(Short web captions)
== Segment start ==

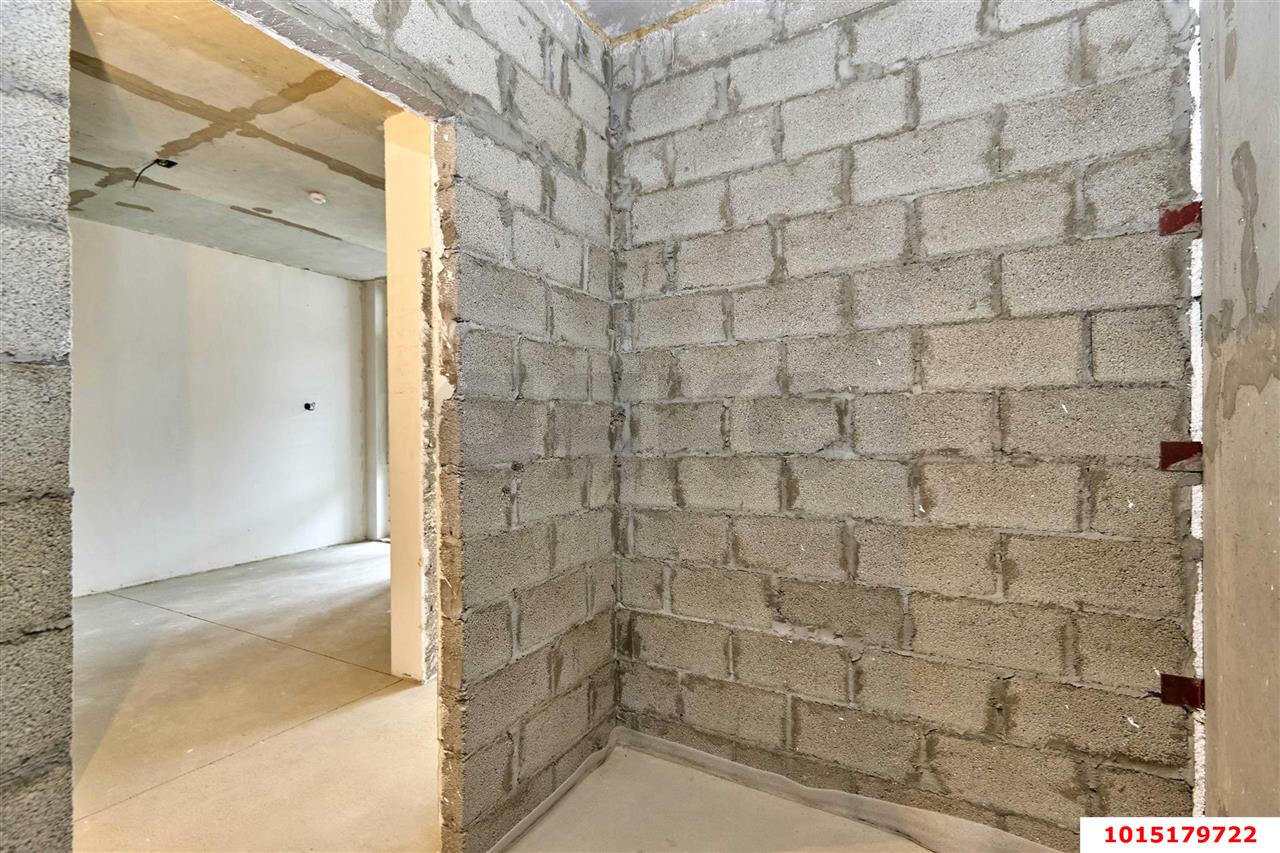 Фото №6: 1-комнатная квартира 35 м² - Краснодар, Образцово, ул. Адмирала Макарова, 5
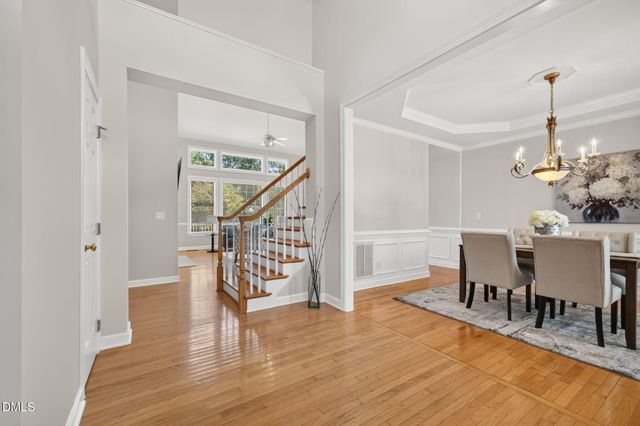 105 Ecklin Lane, Cary, NC 27519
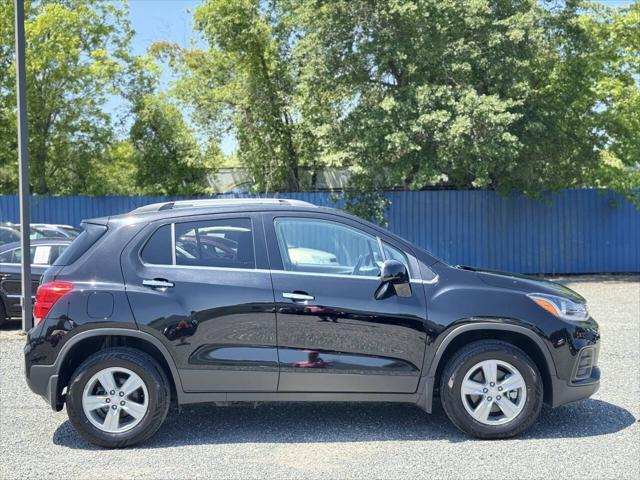 used 2017 Chevrolet Trax car, priced at $10,495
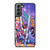 SCIENCE NINJA TEAM GATCHAMAN CARTOON Samsung Galaxy S21 Plus Case Cover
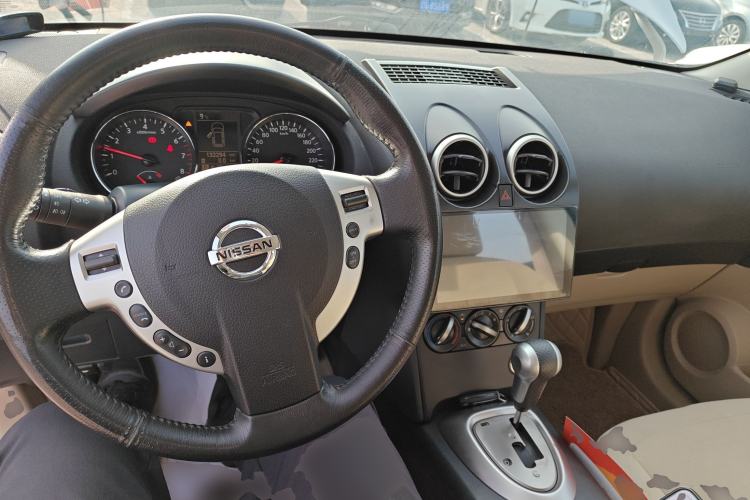 Used Nissan Qashqai 2012 2.0 XL Fire CVT 2WD
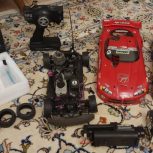 ماشین بنزینی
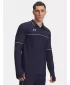 Pánska mikina UNDER ARMOUR UA M CHALLENGER TRAINING QZ 6004043-410 MODRÁ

== Segment end ==

**Brief:** Whatever lies between the first line of the data and the line holding "ماشین بنزینی", inclusive, should be repeated exactly, apart from the pictures.

**Answer section:**
 Фото №6: 1-комнатная квартира 35 м² - Краснодар, Образцово, ул. Адмирала Макарова, 5
 105 Ecklin Lane, Cary, NC 27519
 used 2017 Chevrolet Trax car, priced at $10,495
 SCIENCE NINJA TEAM GATCHAMAN CARTOON Samsung Galaxy S21 Plus Case Cover
 Used Nissan Qashqai 2012 2.0 XL Fire CVT 2WD
 ماشین بنزینی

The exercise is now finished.